→ **WHAT THE TASK REQUIRES**
Each record is to be given again without alteration.
*** EXTRACTED DATA ***
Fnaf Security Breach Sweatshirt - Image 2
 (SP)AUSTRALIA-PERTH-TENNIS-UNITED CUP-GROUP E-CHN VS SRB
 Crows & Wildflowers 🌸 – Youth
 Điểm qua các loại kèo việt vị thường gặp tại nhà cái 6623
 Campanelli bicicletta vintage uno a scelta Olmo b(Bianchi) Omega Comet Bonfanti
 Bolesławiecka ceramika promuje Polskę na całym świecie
***
→ **ANSWER SECTION**
Fnaf Security Breach Sweatshirt - Image 2
 (SP)AUSTRALIA-PERTH-TENNIS-UNITED CUP-GROUP E-CHN VS SRB
 Crows & Wildflowers 🌸 – Youth
 Điểm qua các loại kèo việt vị thường gặp tại nhà cái 6623
 Campanelli bicicletta vintage uno a scelta Olmo b(Bianchi) Omega Comet Bonfanti
 Bolesławiecka ceramika promuje Polskę na całym świecie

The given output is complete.